节理倾角及连通率对岩体强度、变形影响的单轴压缩试验研究

EXPERIMENTAL STUDY OF EFFECTS OF JOINT INCLINATION ANGLE AND CONNECTIVITY RATE ON STRENGTH AND DEFORMATION PROPERTIES OF ROCK MASSES UNDER UNIAXIAL COMPRESSION

利用含一组张开预置裂隙石膏试件的单轴压缩试验,系统地研究节理组的产状和节理连通率的连续变化对张开断续节理岩体单轴压缩强度和弹性模量及应力–应变曲线的影响。试验研究发现:(1)随着节理连通率的增大,应力–应变曲线的延性增强,由单峰曲线变为多峰曲线;(2)在节理倾角不变时,随着节理连通率的增大,岩体的峰值强度和弹性模量都逐渐降低,且二者变化规律不完全相同,可采用不同幂函数的倒数来表示,其系数与节理倾角有关;(3)当节理连通率不是很大时,岩体的峰值强度和弹性模量随节理倾角的变化规律大致相同,节理倾角为90°时岩体峰值强度和弹性模量最高,节理倾角为30°和60°时岩体的峰值强度和弹性模量最低,出现2个极小值。当节理连通率较大时,节理倾角为90°时岩体的峰值强度和弹性模量最高,节理倾角为45°时岩体的峰值强度最低,节理倾角为0°～60°时岩体的弹性模量都很低。对试件破坏过程的进一步分析表明,上述岩体宏观力学特性随节理倾角和连通率的变化规律,与预制节理的闭合摩擦、岩桥内拉伸和剪切裂纹产生及与预制节理组合形成宏观组合破坏面等细观损伤力学机制密切相关。

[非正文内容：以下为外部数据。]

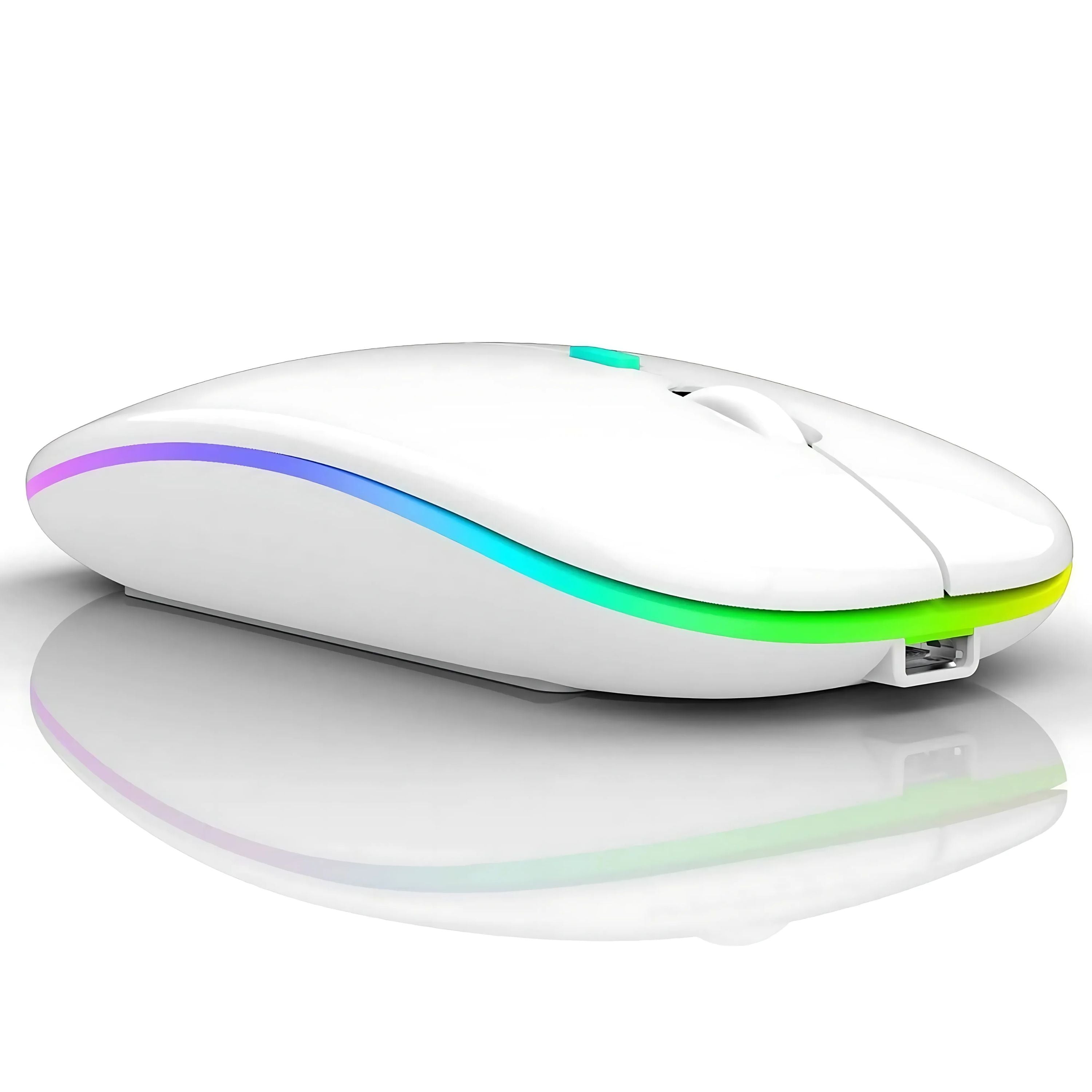 KENRO Wireless RGB Mouse Silent Rechargeable LED Bluetooth for PC - White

Influences of the two important geometrical parameters of joint inclination angle and joint connectivity rate of a joint set,on uniaxial compression strength,elastic modulus and stress-strain curves of rock mass with non-persistent open joints,are investigated systematically by conducting uniaxial compression tests on gypsum specimens with a set of preexisting open flaws.It is found that：（1） With the increasing of joint connectivity rate,the ductility of axial stress-axial strain curves increases,and they change from single-peak curves to multi-peak curves.（2） At the same joint inclination angle,the peak strength and elastic modulus of specimens decrease with the increasing of joint connectivity rate,which can be estimated by two kinds of power functions respectively,where their parameters are varied with joint inclination angle.（3） When joint connectivity rate is not very large,the peak strength and elastic modulus of specimens are varied with the joint inclination angles in the similar way,i.e.they are the highest at the joint inclination angle of 90° while they are the lowest at the joint inclination angles of 30° and 60°.When joint connectivity is very large,the peak strength and elastic modulus of specimens are the highest at the joint inclination angle of 90°,while peak strength is the lowest at the joint inclination angle of 45° and the elastic modulus is relatively lower below 60°,respectively.Through further analyses for failure process of the specimens,it is revealed that the jointed rock mass macroscopic mechanical properties affected by joint inclination angle and joint connectivity rate are governed by microscopic damage mechanism,such as closure and friction of the preexisting joints,stress concentrate in the rock bridge and induce crack initiation,propagation and their coalescence with the preexisting flaws to form the final failure planes or shear bands.